Introduction Hemophilia C (HC) is a rare, inherited bleeding disorder when the blood does not clot properly. In patient with Hemophilia C there is deficiency of factor XI. Spontaneous intracerebral hemorrhage is a rare and challenging condition to treat, especially in hemophiliacs.
Aim of Study To study the surgical result of patient with Hemophilia C.
Methods A 28-year-old man, was taken to our hospital with sudden onset of headache. Complaints were available for 2 days without history of trauma. The patient had history of hemophilia C. The computed tomography (CT) scan revealed subcortical hemorrhage of the right temporal lobe. His GCS at admission was 15. The patient had no neurological deficit. An urgent consultation with the treating hematologist was performed, and a decision was made to manage the patient conservatively (fresh frozen plasma (FFP) 4 units, mannitol 10% 1000 mg, tranexamic acid 1000mg). 10 hours after admission, his GCS and CT scan of the brain were unchanged. 36 hours after admission, the neurological status of the patient was worsened. His GCS dropped to 12.

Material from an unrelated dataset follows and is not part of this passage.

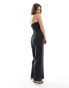 & Other Stories linen strapless jumpsuit in black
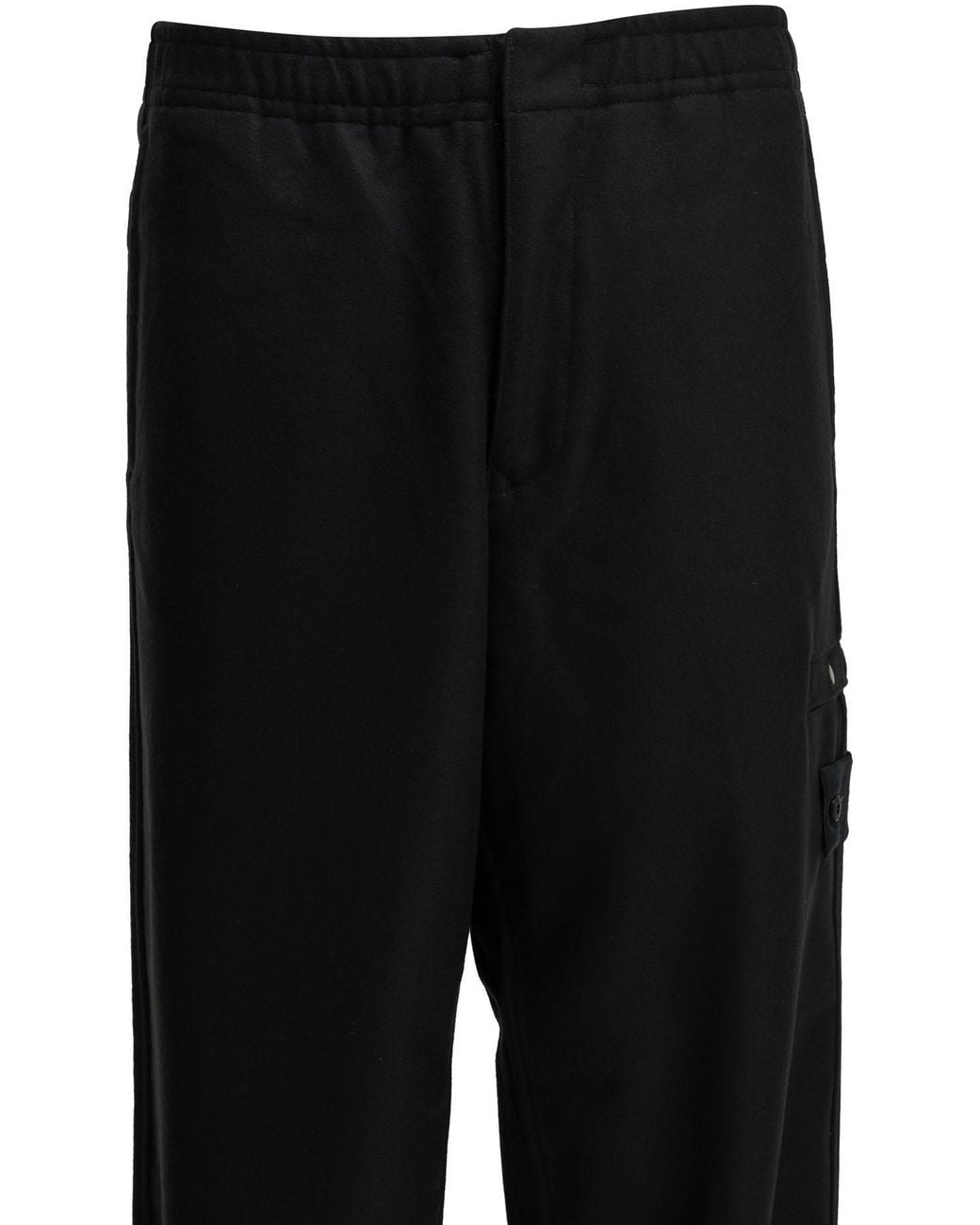 Stone Island Black Ghost Cuffed Trousers for men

Results A decision was made to immediately perform a temporal craniotomy with evacuation of intracerebral hematoma. Surgery and the postoperative period were uneventful. The following 2 days he received 4 units of FFP, tranexamic acid 1000mg and mannitol 10% 1000 mg/day.
Conclusion Spontaneous intracranial hemorrhage is a serious and potentially fatal sequela of Hemophilia. Correction of clotting factor deficiency is of paramount importance prior to surgery and in the immediate post-operative period.